** Opening DATASET EXTRACT block **

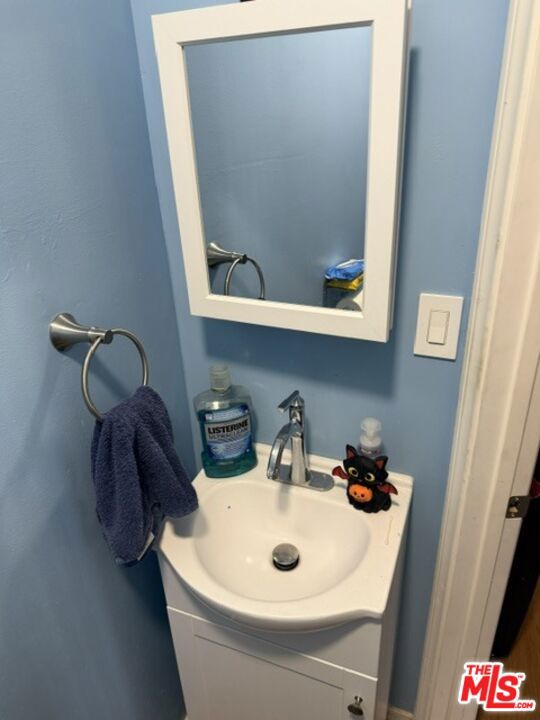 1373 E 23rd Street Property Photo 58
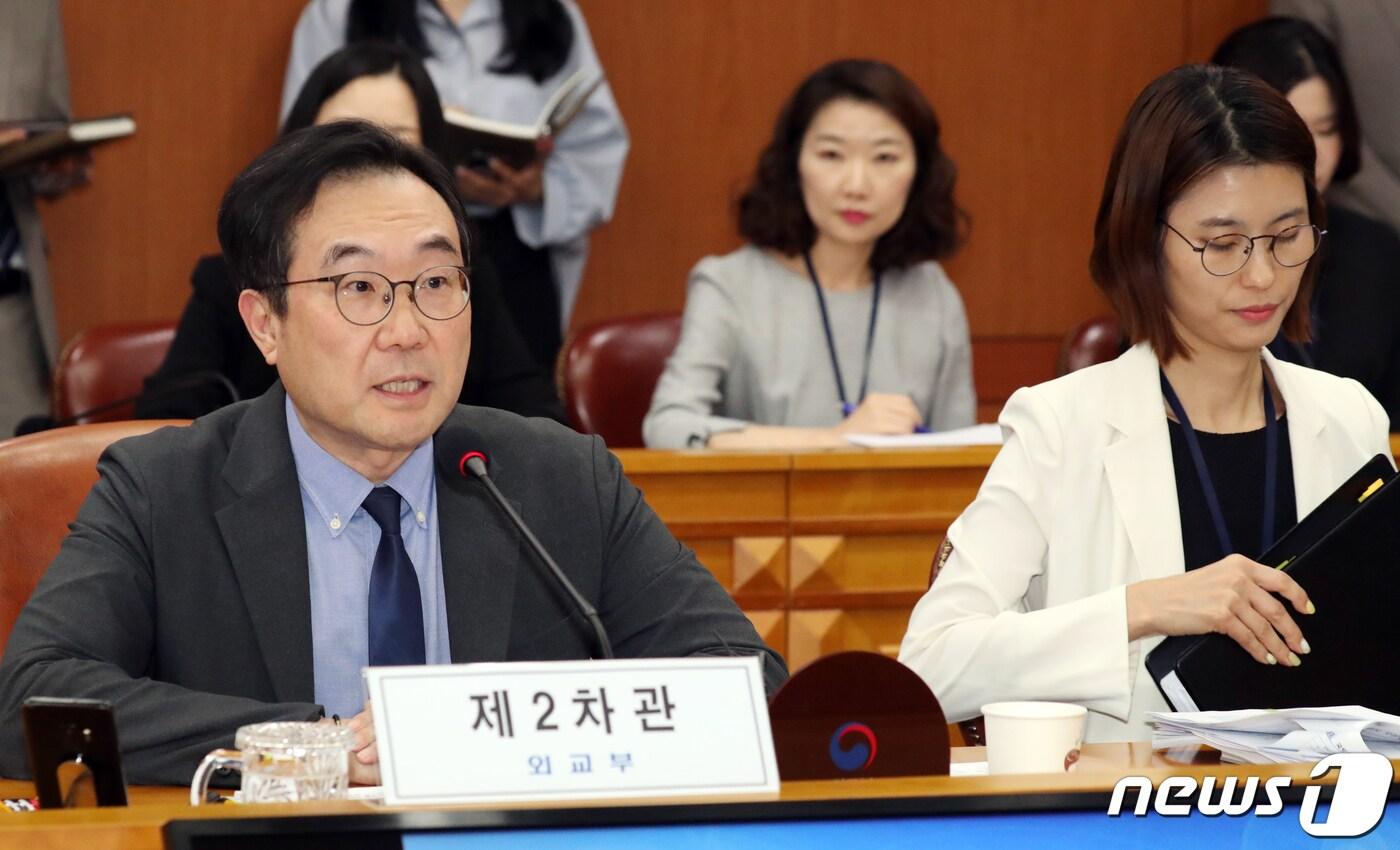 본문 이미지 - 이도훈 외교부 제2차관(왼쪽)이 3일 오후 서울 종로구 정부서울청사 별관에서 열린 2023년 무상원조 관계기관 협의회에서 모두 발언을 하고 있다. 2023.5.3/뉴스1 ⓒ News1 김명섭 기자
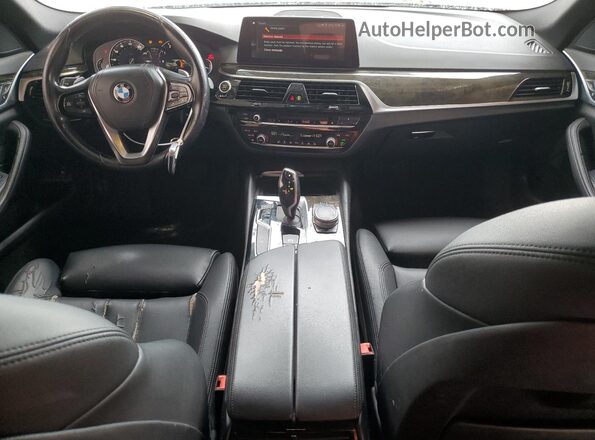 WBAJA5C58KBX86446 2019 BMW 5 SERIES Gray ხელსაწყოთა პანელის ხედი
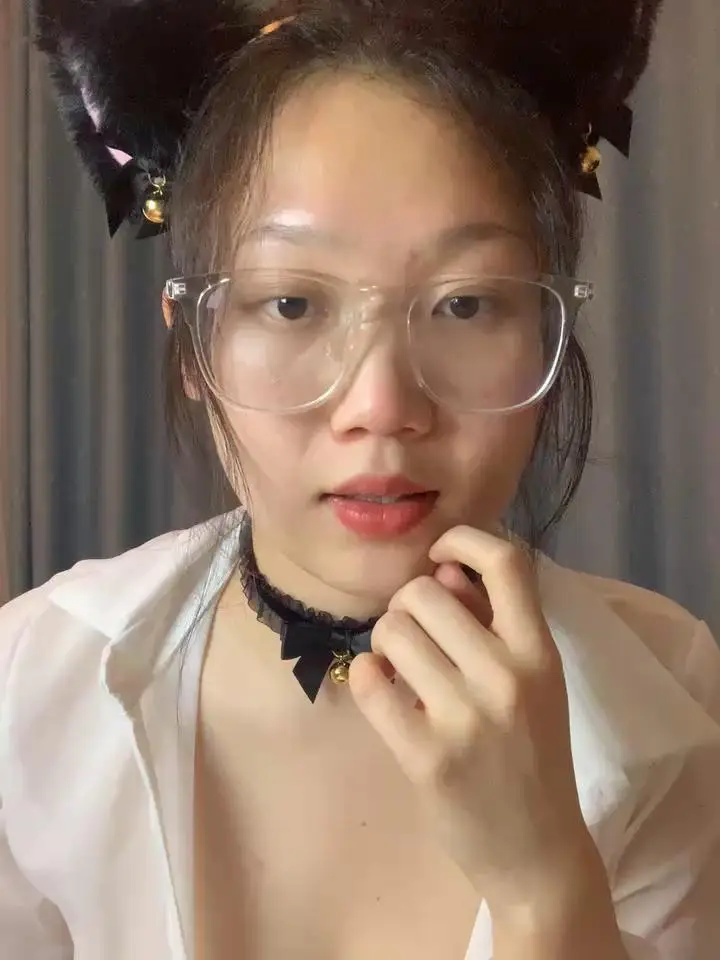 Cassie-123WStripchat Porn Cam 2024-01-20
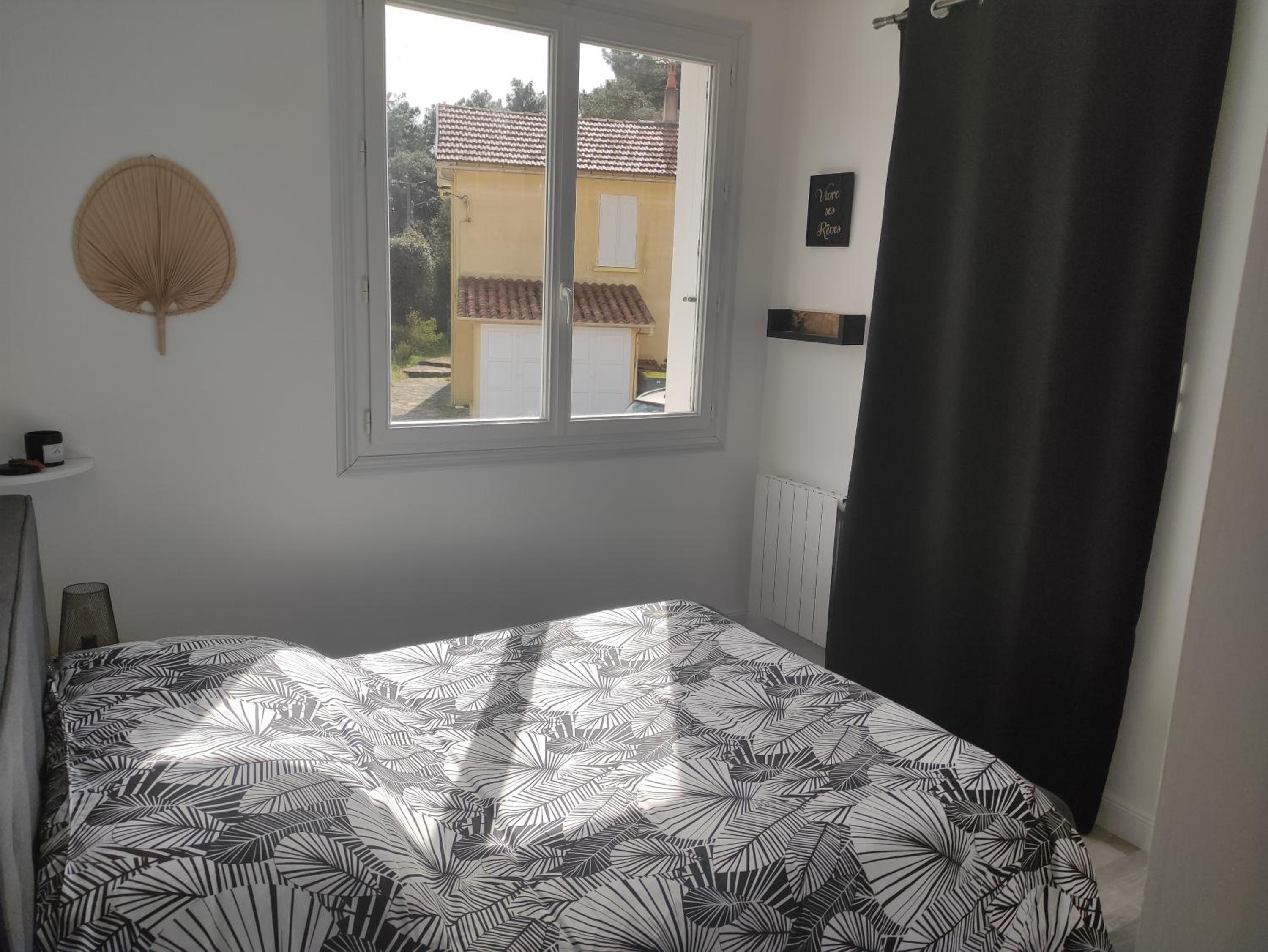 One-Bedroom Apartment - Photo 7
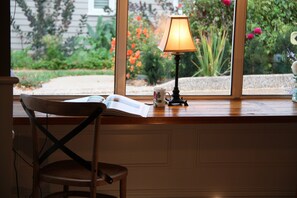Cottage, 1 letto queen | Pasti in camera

** Closing DATASET EXTRACT block **
** Opening DATASET EXTRACT block **

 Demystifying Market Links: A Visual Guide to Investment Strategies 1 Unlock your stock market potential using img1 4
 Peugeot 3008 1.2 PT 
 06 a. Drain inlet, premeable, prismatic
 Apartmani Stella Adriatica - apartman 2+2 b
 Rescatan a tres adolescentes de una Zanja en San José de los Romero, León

** Closing DATASET EXTRACT block **
** Opening DATASET EXTRACT block **

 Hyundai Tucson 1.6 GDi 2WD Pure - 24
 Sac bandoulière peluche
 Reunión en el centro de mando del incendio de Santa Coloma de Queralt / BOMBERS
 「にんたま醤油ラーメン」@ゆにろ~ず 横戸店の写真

** Closing DATASET EXTRACT block **

### TRY IT
Give back exactly the lines above, from the line containing "Apartmani Stella Adriatica - apartman 2+2 b" through the line containing "Rescatan a tres", with both end lines and nothing more.

### ANSWER BELOW
 Apartmani Stella Adriatica - apartman 2+2 b
 Rescatan a tres adolescentes de una Zanja en San José de los Romero, León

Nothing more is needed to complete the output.